Analysis & Discussion
This experiment highlights an important practical observation: the ViT branch converges faster and achieves stronger performance than the ResNet branch within the same training budget, even though the configured ViT variant in this workflow uses fewer trainable parameters in the linear-probe setup.
1. Why ViT converges faster here
- With transfer learning, ViT starts from strong pretrained representations and can adapt quickly to the selected 10-class subset.
- In this setup, only the classifier head (and later a small part of the backbone) is optimized, so optimization remains lightweight.

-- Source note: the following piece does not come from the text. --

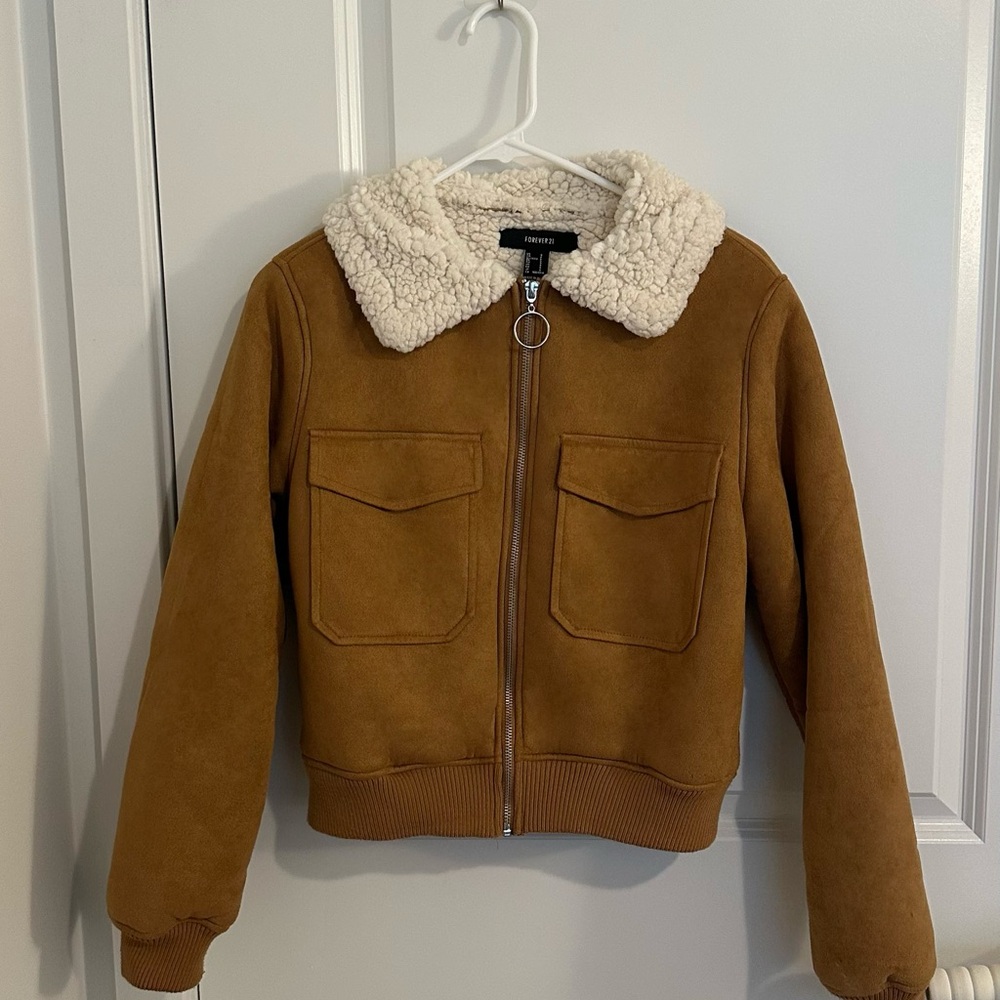 Forever 21 Faux Fur Bomber Jacket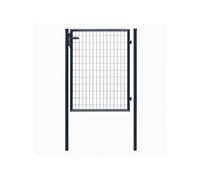 Portillon grillagé Eco garden l.105 x H.125 cm, gris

- Validation curves show that ViT reaches stable performance in fewer epochs, while ResNet typically improves more gradually.
- Parameter count alone does not determine final accuracy.
- Architecture and representation quality matter: ViT benefits from global attention and robust pretrained features.
- For this subset-based food classification task, those pretrained features transfer effectively, giving better accuracy-efficiency trade-offs.
3. Why sampling is necessary for this assignment
- Food-101 is relatively large for iterative classroom experimentation.
- Running full-scale training for every model/hyperparameter change would be slow and costly.
- Sampling to a controlled subset (10 labels) enables:
- Faster prototyping and debugging.
- Fair side-by-side model comparison under equal data budget.
- More frequent iteration cycles within limited compute time.
In short, the sampling strategy is not only a speed optimization; it is a practical experimental design choice that makes model comparison feasible and reproducible.